Dual-Domain Fusion for Semi-Supervised Learning
Tuomas Jalonen, Mohammad Al-Sa'd, Serkan Kiranyaz, Moncef Gabbouj
TL;DR
This work tackles the challenge of limited labeled data for time-series classification by introducing Dual-Domain Fusion (DDF), a model-agnostic semi-supervised framework that leverages both time-domain and time-frequency representations through a tri-model architecture. During training, separate time-domain and time-frequency classifiers collaborate with a fusion module to produce high-quality pseudo-labels, improving learning from unlabeled data, while inference remains efficient by using only the time-domain path. The approach is demonstrated on two bearing fault datasets (KAIST and SQV), where DDF achieves substantial accuracy gains (8–46%) over strong SSL baselines across varying amounts of unlabeled data and noise levels.
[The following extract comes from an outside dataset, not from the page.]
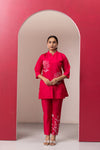 CHERRY EMBROIDERED COTTON TOP WITH TROUSERS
The deployment strategy further enables cloud-based training with edge-friendly inference, making DDF particularly suitable for real-time fault diagnosis in resource-constrained environments. Overall, DDF provides a general, deployment-aware strategy to harness cross-domain information for SSL in time-series applications.
Abstract
Labeled time-series data is often expensive and difficult to obtain, making it challenging to train accurate machine learning models for real-world applications such as anomaly detection or fault diagnosis. The scarcity of labeled samples limits model generalization and leaves valuable unlabeled data underutilized. We propose Dual-Domain Fusion (DDF), a new model-agnostic semi-supervised learning (SSL) framework applicable to any time-series signal. DDF performs dual-domain training by combining the one-dimensional time-domain signals with their two-dimensional time-frequency representations and fusing them to maximize learning performance. Its tri-model architecture consists of time-domain, time-frequency, and fusion components, enabling the model to exploit complementary information across domains during training. To support practical deployment, DDF maintains the same inference cost as standard time-domain models by discarding the time-frequency and fusion branches at test time. Experimental results on two public fault diagnosis datasets demonstrate substantial accuracy improvements of 8-46% over widely used SSL methods FixMatch, MixMatch, Mean Teacher, Adversarial Training, and Self-training. These results show that DDF provides an effective and generalizable strategy for semi-supervised time-series classification.